Para exemplificar e corroborar as informações elencadas, cita-se um trecho de uma reportagem publicada no portal da Federação Nacional dos Policiais Federais (2009):

A apreensão de fuzis calibre .30 em São Paulo e Rio de Janeiro, tem mostrado que o tráfico de armas está utilizando outras rotas para chegar ao Brasil. O armamento pesado, que é capaz de derrubar aviões, foi desviado do exército da Bolívia e torna o país uma alternativa a mais para o crime organizado, além do Paraguai. As autoridades brasileiras calculam que, só este ano, outros 20 artefatos desse tipo tenham entrado pela fronteira, principalmente por Mato Grosso do Sul.

[...] Segundo fontes da Polícia Federal, outros tipos de armas podem estar entrando pela região, por causa da repressão na fronteira do Brasil com o Paraguai. “Por ser considerado uma rota estabelecida, o Paraguai é visado de uma forma maior. Por isso os traficantes, não apenas de armas, mas também de droga, procuram outros caminhos”, afirma um delegado da área de inteligência da PF.

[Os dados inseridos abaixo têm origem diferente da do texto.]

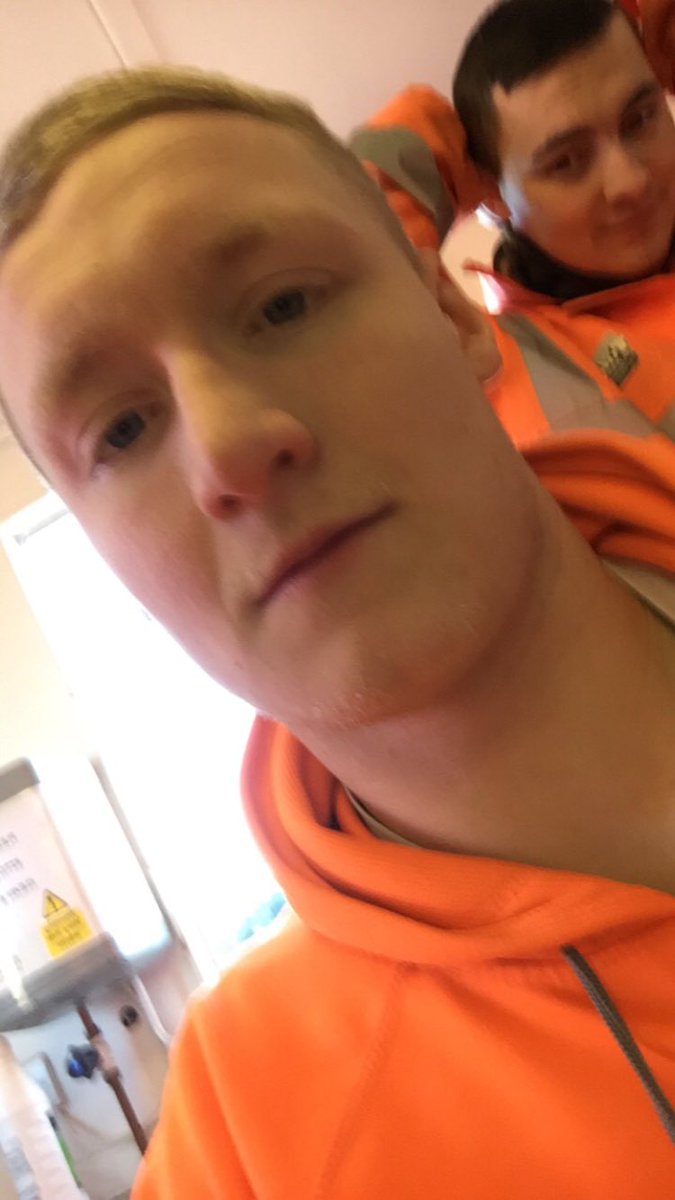 Cammy More tweet media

[...] as policias Civil e Federal no Rio já tinham suspeitas de que a nova porta de entrada das armas seria Puerto Suarez, na Bolívia, cidade que faz fronteira com Corumbá (MS). A certeza se deu [...] quando foi preso Antônio Jorge Gonçalves dos Santos, conhecido por Toni. Ele era o responsável pela entrega de armas para morros e favelas fluminenses e o tráfico se dava da Bolívia, inclusive de produtos de origem militar.

A rota Bolívia-Brasil só pode ser entendida por completo se observarmos a relação das drogas. Embora o foco dessa dissertação sejam as armas, é notoriamente difícil não abarcar o ilícito que sumariza as relações de insegurança na fronteira aqui tratada, e nas dinâmicas regionais. Portanto, não se encerra nessa subseção o tratamento dessa questão.